What happens when key management servers are not reachable during the boot process
ONTAP takes certain precautions to avoid undesired behavior in the event that a storage system configured for NSE cannot reach any of the specified key management servers during the boot process.
If the storage system is configured for NSE, the SEDs are rekeyed and locked, and the SEDs are powered on, the storage system must retrieve the required authentication keys from the key management servers to authenticate itself to the SEDs before it can access the data.
The storage system attempts to contact the specified key management servers for up to three hours. If the storage system cannot reach any of them after that time, the boot process stops and the storage system halts.
If the storage system successfully contacts any specified key management server, it then attempts to establish an SSL connection for up to 15 minutes. If the storage system cannot establish an SSL connection with any specified key management server, the boot process stops and the storage system halts.
While the storage system attempts to contact and connect to key management servers, it displays detailed information about the failed contact attempts at the CLI. You can interrupt the contact attempts at any time by pressing Ctrl-C.
As a security measure, SEDs allow only a limited number of unauthorized access attempts, after which they disable access to the existing data. If the storage system cannot contact any specified key management servers to obtain the proper authentication keys, it can only attempt to authenticate with the default key which leads to a failed attempt and a panic. If the storage system is configured to automatically reboot in case of a panic, it enters a boot loop which results in continuous failed authentication attempts on the SEDs.
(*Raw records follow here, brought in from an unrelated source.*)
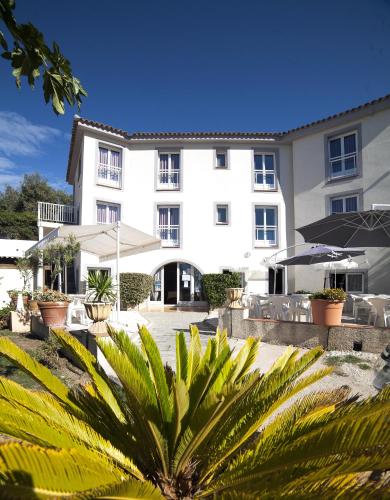 a large white building with plants in front of it at Hotel St Joseph in Algajola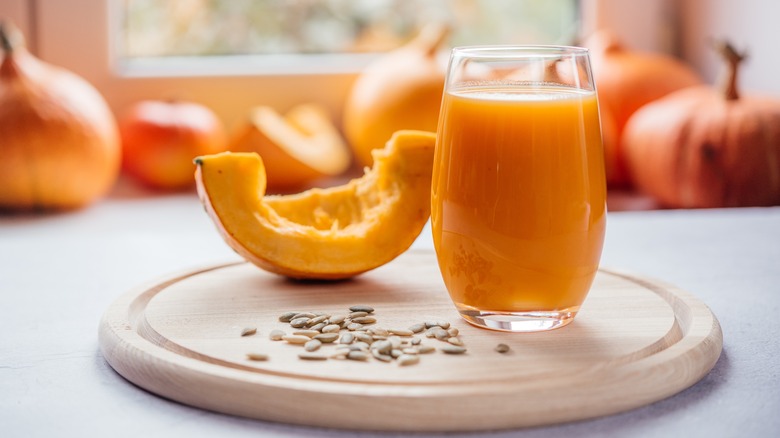 A glass of pumpkin juice, a slice of pumpkin, and pumpkin seeds on a counter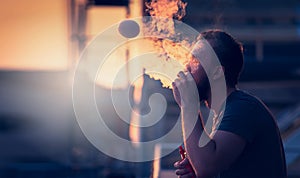 Young man with beard on blurry background sunset sky, making soap bubbles smoke inside with the aid of vape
Halting the storage system in these scenarios is by design to prevent the storage system from entering a boot loop and possible unintended data loss as a result of the SEDs locked permanently due to exceeding the safety limit of a certain number of consecutive failed authentication attempts. The limit and the type of lockout protection depends on the manufacturing specifications and type of SED:
SED type |
Number of consecutive failed authentication attempts resulting in lockout |
Lockout protection type when safety limit is reached |
---|---|---|
HDD |
1024 |
Permanent. Data cannot be recovered, even when the proper authentication key becomes available again. |
X440_PHM2800MCTO 800GB NSE SSDs with firmware revisions NA00 or NA01 |
5 |
Temporary. Lockout is only in effect until disk is power-cycled. |
X577_PHM2800MCTO 800GB NSE SSDs with firmware revisions NA00 or NA01 |
5 |
Temporary. Lockout is only in effect until disk is power-cycled. |
X440_PHM2800MCTO 800GB NSE SSDs with higher firmware revisions |
1024 |
Permanent. Data cannot be recovered, even when the proper authentication key becomes available again. |
X577_PHM2800MCTO 800GB NSE SSDs with higher firmware revisions |
1024 |
Permanent. Data cannot be recovered, even when the proper authentication key becomes available again. |
All other SSD models |
1024 |
Permanent. Data cannot be recovered, even when the proper authentication key becomes available again. |
For all SED types, a successful authentication resets the try count to zero.
If you encounter this scenario where the storage system is halted due to failure to reach any specified key management servers, you must first identify and correct the cause for the communication failure before you attempt to continue booting the storage system.